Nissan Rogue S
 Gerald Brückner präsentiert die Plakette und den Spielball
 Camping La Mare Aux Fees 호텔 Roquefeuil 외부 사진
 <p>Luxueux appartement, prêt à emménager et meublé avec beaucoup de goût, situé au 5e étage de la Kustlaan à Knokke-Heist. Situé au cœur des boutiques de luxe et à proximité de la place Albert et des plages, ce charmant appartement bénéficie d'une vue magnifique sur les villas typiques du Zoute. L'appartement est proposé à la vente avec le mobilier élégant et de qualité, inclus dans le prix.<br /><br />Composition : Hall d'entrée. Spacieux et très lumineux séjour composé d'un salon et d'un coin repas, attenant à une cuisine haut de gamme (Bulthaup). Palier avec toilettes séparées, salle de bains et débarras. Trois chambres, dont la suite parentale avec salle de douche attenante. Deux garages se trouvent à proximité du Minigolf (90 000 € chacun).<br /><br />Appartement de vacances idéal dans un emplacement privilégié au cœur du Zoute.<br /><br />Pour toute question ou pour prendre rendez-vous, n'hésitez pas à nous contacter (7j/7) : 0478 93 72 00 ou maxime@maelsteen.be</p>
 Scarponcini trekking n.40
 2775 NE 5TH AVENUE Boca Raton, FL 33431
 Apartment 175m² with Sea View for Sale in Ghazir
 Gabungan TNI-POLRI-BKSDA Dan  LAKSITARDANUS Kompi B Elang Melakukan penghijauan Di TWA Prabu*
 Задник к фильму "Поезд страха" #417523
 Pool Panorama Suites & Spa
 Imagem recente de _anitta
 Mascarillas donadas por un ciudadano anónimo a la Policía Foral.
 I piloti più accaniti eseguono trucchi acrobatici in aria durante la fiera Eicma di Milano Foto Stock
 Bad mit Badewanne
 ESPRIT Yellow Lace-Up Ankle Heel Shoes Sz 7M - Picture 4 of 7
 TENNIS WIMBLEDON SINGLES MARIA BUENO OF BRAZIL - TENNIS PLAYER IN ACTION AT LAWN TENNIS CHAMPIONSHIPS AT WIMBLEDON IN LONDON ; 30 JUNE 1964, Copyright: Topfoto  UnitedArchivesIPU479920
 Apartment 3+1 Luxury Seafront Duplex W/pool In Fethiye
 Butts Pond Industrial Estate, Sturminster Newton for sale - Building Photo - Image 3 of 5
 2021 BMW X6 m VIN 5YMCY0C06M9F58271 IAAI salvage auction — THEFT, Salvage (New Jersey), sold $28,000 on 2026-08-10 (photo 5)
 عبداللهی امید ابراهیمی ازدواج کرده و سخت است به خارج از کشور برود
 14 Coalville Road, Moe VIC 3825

====================

Copy each line above that contains the string "Apartment".

RESULT OF THIS EXERCISE:
 Apartment 175m² with Sea View for Sale in Ghazir
 Apartment 3+1 Luxury Seafront Duplex W/pool In Fethiye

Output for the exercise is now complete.